Navy headquarters in Washington ordered twenty-one of the most modern ships in the
7th Fleet to leave Pearl Harbor and deploy at Wake and Midway Islands. The aircraft
carriers, Lexington and Enterprise were among those ships. This not only left the
remaining Fleet with drastically reduced protection, it also meant that the ships anchored
in the harbor were primarily old relics from World War I, many of which were already
slated to be scrapped. As Secretary of War Stimson had stated in his diaries: "The
question was, how we should maneuver them into firing the first shot without allowing
too much damage to ourselves." Sacrificing only the old and marginally useful ships was
the solution to that problem.

Were the victims at Pear Harbor insulated from information that might have allowed
them to protect themselves? Could those thousands of Americans who lost their lives
been alerted in time to take defensive action? Or were they deliberately sacrificed on the
alter of collectivism because their deaths were needed to create the emotional drama to
justify going to war? The answer to this question is not a pleasant one.

INTERCEPTED CODED MESSAGES

Throughout this time, the Japanese were using a combination of military and diplomatic
codes. United States intelligence agencies had cracked all of them. For three months prior
to the allegedly surprise attack, they knew everything in minute detail. Yet, not one of
those messages was ever forwarded to the commanders at Pearl Harbor. In his memoirs,
Admiral Kimmel said: "At Pearl Harbor, General Short and I knew only a small part of
the political story behind the Japanese attack. Care was taken not to send us the
intercepted Japanese messages, which told in great detail each step in the Japanese
program…. For three months prior to the attack on the fleet a wealth of vital information
received in Washington was withheld from the commanders in Hawaii. The information
received during the ten days preceding the attack clearly pointed to the fleet at Pearl
Harbor as the Japanese objective, yet not one word of warning and none of this
information was given to the Hawaii commanders."

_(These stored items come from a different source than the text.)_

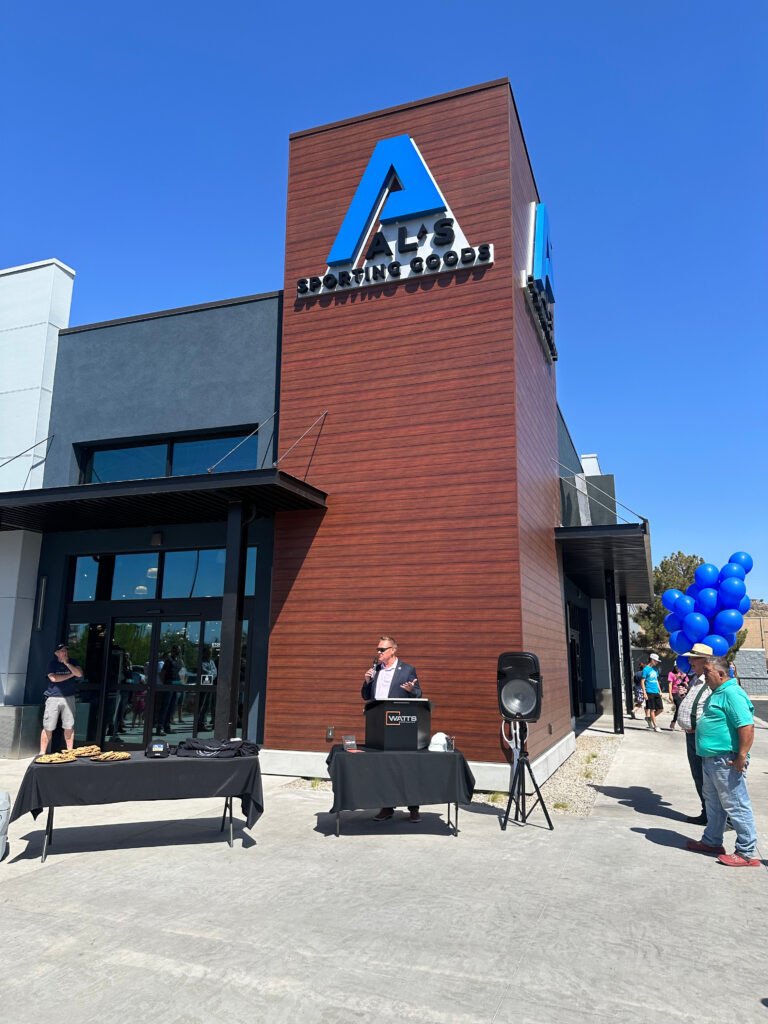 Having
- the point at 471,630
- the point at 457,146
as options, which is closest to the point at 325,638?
the point at 471,630

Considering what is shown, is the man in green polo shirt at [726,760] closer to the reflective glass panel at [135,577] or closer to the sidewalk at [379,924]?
the sidewalk at [379,924]

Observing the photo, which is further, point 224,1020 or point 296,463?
point 296,463

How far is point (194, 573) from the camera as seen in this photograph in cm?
1109

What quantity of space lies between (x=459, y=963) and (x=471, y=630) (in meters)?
5.38

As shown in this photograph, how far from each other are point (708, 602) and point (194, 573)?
303 inches

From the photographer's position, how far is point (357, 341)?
34.2 feet

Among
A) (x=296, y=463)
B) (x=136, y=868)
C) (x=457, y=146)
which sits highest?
(x=457, y=146)

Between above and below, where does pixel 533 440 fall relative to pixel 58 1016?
above

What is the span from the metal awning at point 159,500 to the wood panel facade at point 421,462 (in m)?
1.01

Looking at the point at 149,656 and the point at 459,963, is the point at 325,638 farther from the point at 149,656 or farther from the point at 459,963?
the point at 459,963

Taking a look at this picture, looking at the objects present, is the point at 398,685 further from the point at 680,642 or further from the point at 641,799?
the point at 680,642

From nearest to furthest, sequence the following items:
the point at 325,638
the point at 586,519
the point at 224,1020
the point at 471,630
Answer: the point at 224,1020 < the point at 471,630 < the point at 325,638 < the point at 586,519

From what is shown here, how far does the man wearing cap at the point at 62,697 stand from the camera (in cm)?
1023

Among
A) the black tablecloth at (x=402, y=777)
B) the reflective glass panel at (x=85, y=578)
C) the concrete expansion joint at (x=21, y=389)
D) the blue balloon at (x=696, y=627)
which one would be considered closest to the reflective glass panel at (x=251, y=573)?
the reflective glass panel at (x=85, y=578) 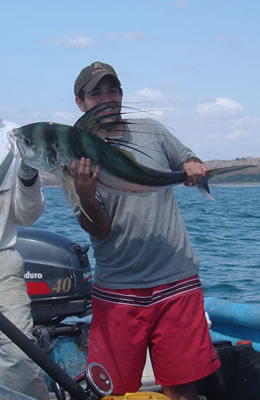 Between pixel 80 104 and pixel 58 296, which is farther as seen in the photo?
pixel 58 296

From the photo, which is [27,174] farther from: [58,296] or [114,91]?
[58,296]

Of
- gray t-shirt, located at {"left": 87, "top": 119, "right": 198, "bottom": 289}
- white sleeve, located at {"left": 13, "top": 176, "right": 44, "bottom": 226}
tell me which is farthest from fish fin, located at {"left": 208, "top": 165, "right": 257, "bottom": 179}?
white sleeve, located at {"left": 13, "top": 176, "right": 44, "bottom": 226}

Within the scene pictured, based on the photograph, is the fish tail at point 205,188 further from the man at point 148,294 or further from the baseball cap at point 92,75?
the baseball cap at point 92,75

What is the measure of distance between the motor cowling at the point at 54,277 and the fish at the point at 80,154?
1830 millimetres

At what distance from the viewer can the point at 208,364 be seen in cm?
315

The most important intercept of the Japanese code was obtained on the night before the
attack. That message made clear even the exact hour that the strike would come. It was to
be 1:00 PM Pearl Harbor time. The intercept was decoded 6½ hours before that. It was
rushed to President Roosevelt and his top military advisors for immediate action. Their
response was to do absolutely nothing. They sat on it and deliberately let the clock run
out.

The military Chief of Staff at that time was General George Marshall, a member of the
Council on Foreign Relations. Marshall claimed that he was on horseback that morning,
riding in the park, and the reason he did not take immediate action was that he didn not
know about the intercept until he arrived at his office at 11:25 AM, Washington time.
However, even then he still had 1½ hours before the attack. He could have picked up the
telephone and spoken to the Hawaii commanders directly. He could have used any one of
several military radio systems designed for exactly such kinds of urgent communications,
but he did none of those things. According to witnesses, he read and re-read the intercept
and shuffled the paper from one side of his desk to the other while another half hour
ticked away. Then, at 11:52, he finally sent a warning to the commanders at Pearl Harbor.
The method? It was a commercial telegram sent through Western Union! It arrived six
hours after the attack!

THE WAR ON TERRORISM

Finally we come to the end of our journey through time and arrive at the present. Our
leaders today, as before, continue to advocate a world union of nations built on the model
of collectivism. As before, they seek to change the social and political structure of the
free world to accommodate that goal. And, once again, we find that we are engaged in a
war. This time, it is not against a particular nation. We are told it is a war on terrorism.
The burning question that now must be answered is this: Is the war on terrorism a repeat
of history? Is it merely a grand deception to intimidate and frighten us into accepting the
harsh realities of collectivism - and the continued loss of freedom - as a reasonable price
for safety in time of war? In other words, is it yet one more implementation of the Fabian
strategy to smash the world to bits in order to remold it nearer to the heart's desire?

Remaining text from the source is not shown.